During the perioperative period, we prospectively recorded the surgical treatment, the delay and duration of surgery, the anesthetic drugs used and all drugs and transfusions administered from the ED to the unit for perioperative geriatric care. Cardiovascular drugs taken at baseline and their suspension were recorded retrospectively.

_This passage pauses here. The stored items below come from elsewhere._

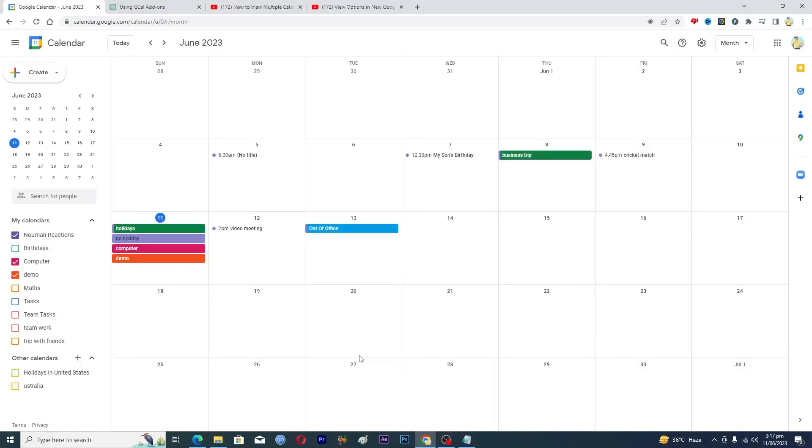Hello guys and welcome back to my channel. In this video I will tell you how to view multiple calendars side by side in Google Calendar. Before starting the video, make sure to like this video and subscribe to our YouTube channel for more tips and tricks like this one.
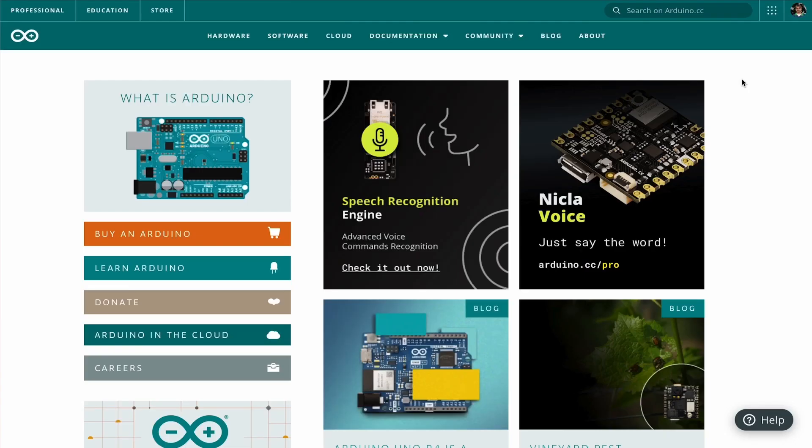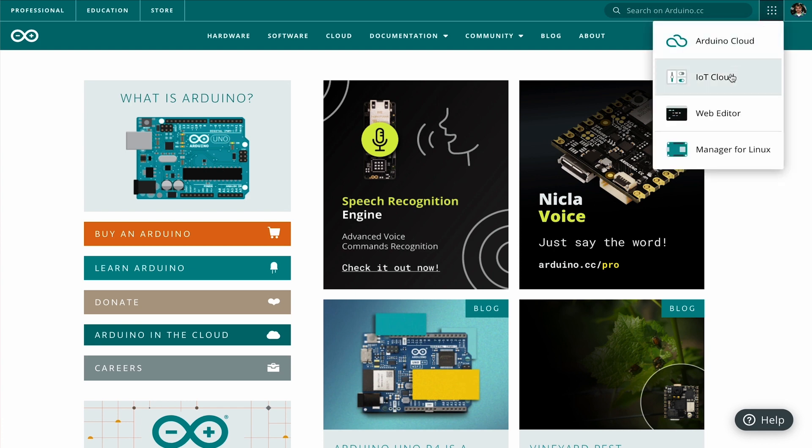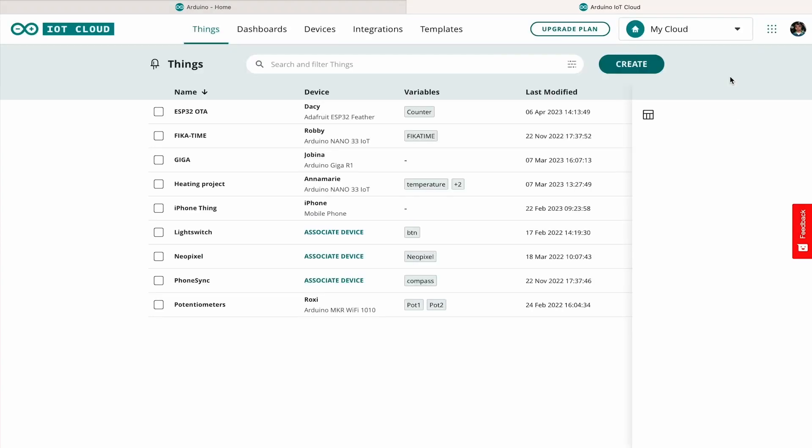To access the Arduino IoT Cloud, go to Arduino.cc and log in or register if you haven't already done that. Then you can go to this menu in the top right and click on IoT Cloud.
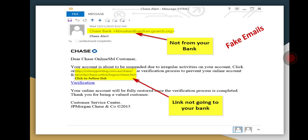Here is an example of a fake email using Chase Bank. The email ID is not in the name of Chase Bank. A link is provided to verify an account, but that link does not point to Chase Bank — it goes somewhere different. In fake emails, the link does not point to the actual bank link, and the email does not contain the real bank name.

After surgery, delays to first sitting and first walking, destination (home or rehabilitation) at discharge from the unit for perioperative geriatric care and length of stay in acute care were recorded. All postoperative complications during the acute care period were prospectively recorded.
Statistical analysis
The study is based on data for all available patients during the study period, and thus no a priori power calculation was conducted. Data are presented as mean ± SD or median (interquartile range) for continuous variables and number (percentage) for categorical variables. Comparison of quantitative variables involved unpaired Student t test or Mann–Whitney test depending on the normal distribution of data. Normality was assessed by graphical representation of the data distribution. Comparison of categorical variables involved chi-squared or Fisher’s exact test, as appropriate.
Patients with (cases) and without POAF (controls) were matched 1:5 on 5 baseline characteristics (age, hypertension, diabetes, coronary artery disease, cardiac failure). We selected those 5 factors from a literature review [4] and deliberations of a panel of 9 independent experts. This panel included 3 geriatricians, 4 cardiologists and 2 anesthesiologists who were all blinded to the research question at this time and to the other experts’ answers. We asked each expert the following standardized question: “According to you, what are the 9–10 main baseline predisposing factors of POAF among patients of 70 and more undergoing hip fracture surgery?” The 4 most frequently given answers were age (89%), diabetes (89%), hypertension (89%) and coronary artery disease (78%) (Additional file 2). Then, 4 other factors were mentioned with equal frequency: history of paroxysmal AF, chronic heart failure, chronic kidney disease, and valvular disease. We chose to keep chronic heart failure because it was most homogenously proposed by the 3 represented medical specialties and was previously described as a strong predisposing factor in this specific context [11, 28, 29]. This a priori and pragmatic method allows for improving the external validity and efficiency of the results and selecting a restricted number of baseline factors associated with POAF, in order to limit the number of patients excluded from the matching [30].
Then, using the matched dataset, we performed a conditional logistic regression analysis to assess independent modifiable variables present at admission in the unit for perioperative geriatric care that were associated with POAF; adjusted odds ratios (ORs) and their 95% CIs were calculated [30]. To avoid overestimation, a conservative approach was used [31, 32]: all variables with P < 0.20 on univariate analyses and all clinically relevant variables were included.
Finally, we performed a sensitivity analysis excluding patients with pre-existing AF before surgery (another definition of POAF).
Statistical analyses were performed with R v 1.4.1717 (package Matchlt). All p-values were two-tailed and p < 0.05 was considered statistically significant.